### Directions
Please retype the entries that follow exactly as they are, leaving the images behind.

================

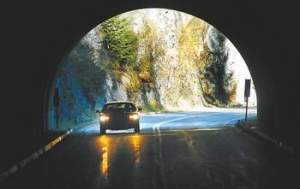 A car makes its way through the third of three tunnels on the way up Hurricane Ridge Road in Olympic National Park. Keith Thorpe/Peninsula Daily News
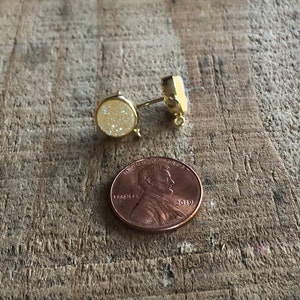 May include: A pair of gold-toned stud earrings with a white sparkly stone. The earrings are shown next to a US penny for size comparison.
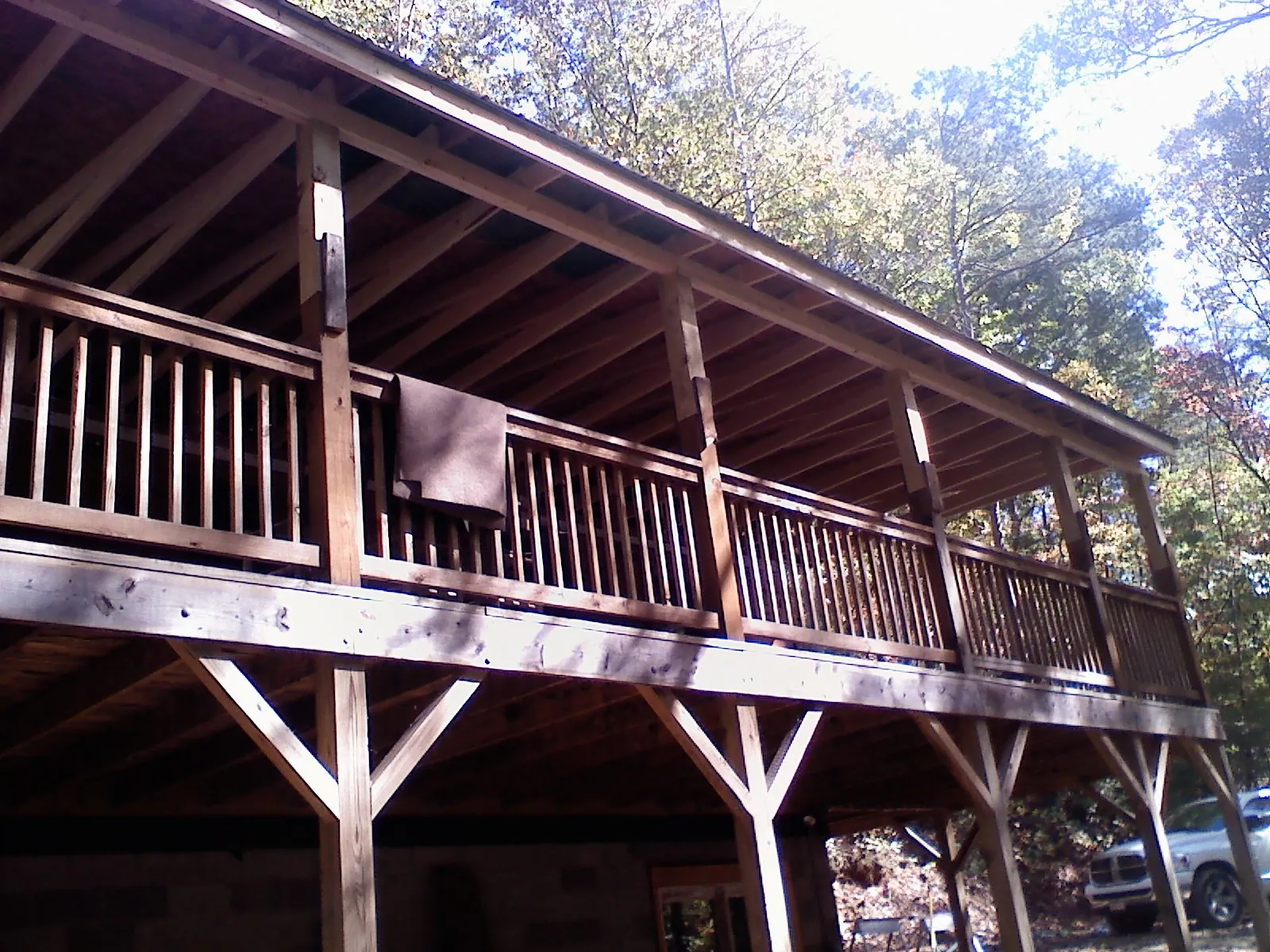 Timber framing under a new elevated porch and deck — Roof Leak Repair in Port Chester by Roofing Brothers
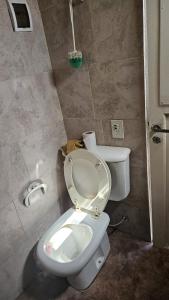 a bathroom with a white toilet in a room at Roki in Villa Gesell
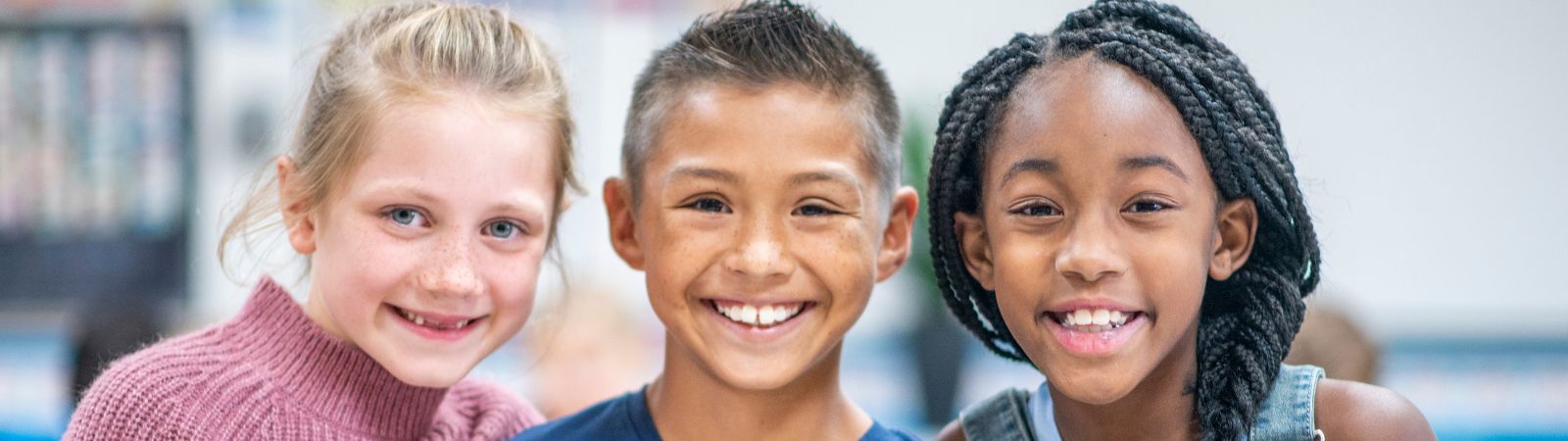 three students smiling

================

### Expected answer
 A car makes its way through the third of three tunnels on the way up Hurricane Ridge Road in Olympic National Park. Keith Thorpe/Peninsula Daily News
 May include: A pair of gold-toned stud earrings with a white sparkly stone. The earrings are shown next to a US penny for size comparison.
 Timber framing under a new elevated porch and deck — Roof Leak Repair in Port Chester by Roofing Brothers
 a bathroom with a white toilet in a room at Roki in Villa Gesell
 three students smiling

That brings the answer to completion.